Oh gosh there are so many for different reasons.
I would say A New Earth: Awakening to Your Life’s Purpose by Ekhart Tolle. It goes along again with this concept of being present and aware of your own thoughts and how your thoughts create your reality. It talks about being able to check yourself and control what you’re thinking so that you can have a more positive fulfilling reality.
What defines success?
Being who I authentically am, living my joy, and helping other people find theirs.
When is confidence lost?
I think confidence can be lost, but if you want to be successful you can’t lose it for very long.
The times I do lose confidence are when I have certain expectations of what I was going to be able to accomplish and I wasn’t able to. But I think one of my strong suits is that I look at every lesson as a blessing. I’ll give myself 24 hours. For 24 hours I’m going to cry it out, I’m going to sulk in my mood, I’m going to have a pity party and play the victim role, but then it’s like “Alright. I’m done. What am I going to do about it?”
Which buzzword is exhausted?
I guess “diversity and inclusion.” I think they’ve lost their meaning and their power. They’re just words at this point. They haven’t translated so much into action. Really what these words are saying is just “Be kind to other people. Love other people. Just see the humanity in everyone.” But they’re buzzwords now that people like to tack onto pledges like, “Oh, I’m down for the cause now.”
I guess another buzzword is definitely “woke.” People are like, “Oh, I’m woke now. I totally understand the injustices of the world da da da.” I think it’s diminishing the meaning because I don’t think the realization of injustices and inequities is really translating over into action and concrete changes.
What virtues do others have that you don’t?
Probably patience. Which is funny because I said that I’m empathetic. But I think patience. I have a very high standard that I hold myself to, and I think by consequence I tend to hold other people to that standard. Sometimes I think I need to realize that everyone is on their own journey and everyone has to go through their own experiences to have their own set of realizations.
We all have our own life curriculum that we have to go through. Even though you want to interject yourself into someone’s story and try to fix it for them, they have to go through what they have to go through to have the breakthrough that they need to get to the next level of their lives.
So I think the attribute that I hope to have that other people have is patience for other peoples’ journeys.
What impact do you want to leave behind?
The impact I want to leave behind is that I helped other people become their most fully expressed selves. I helped them break the paradigm that this society has set in place– telling you that you must be this, or that you must do this by this age. Helping other people think for themselves and become critical thinkers with the end goal of helping them be fully realized beings.
What’s the biggest problem tech is failing to solve?

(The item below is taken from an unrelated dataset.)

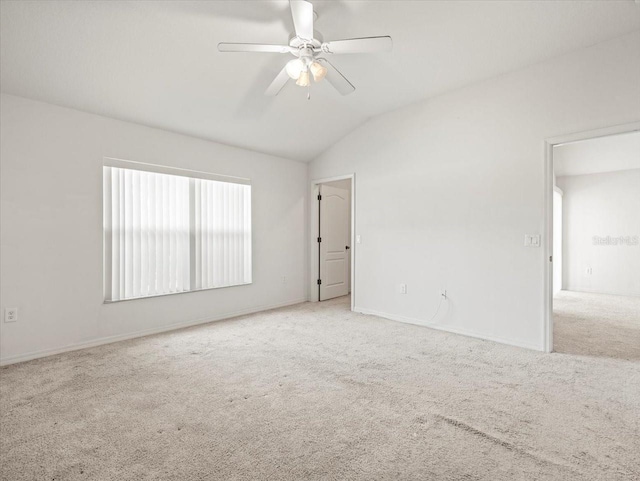 3885 Crossline Dr, Spring Hill, FL 34609 - empty room featuring carpet, ceiling fan, lofted ceiling, and baseboards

It’s my buzzword, for sure, which is diversity and inclusion. But I think a bigger problem is lack of empathy. Empathy is, like I said, being able to walk a day in another person’s shoes, and being able to see the world through their eyes. But empathy also promotes pro-social helping behavior. When you can actually feel something for another being then you’re more likely to help that person.
I feel like there are a lot of insular networks that exist. Like 92 percent of white social networks are white. It’s very similar for other demographics, but that’s by far the most insular. And so if you are not conversing with, hanging out with, really getting to know– even outside of work– people from different groups and walks of life, you’re not giving yourself a chance to feel empathy for them. By consequence when you get into the work place you’re not really thinking about them. You’re not thinking about them in your hiring practices, in your promotional practices, or in the products that you’re developing. I would say one of the biggest things it’s failing on is empathy and just seeing other people and valuing them and feeling for them.
Editorial Note: Answers edited for brevity and clarity.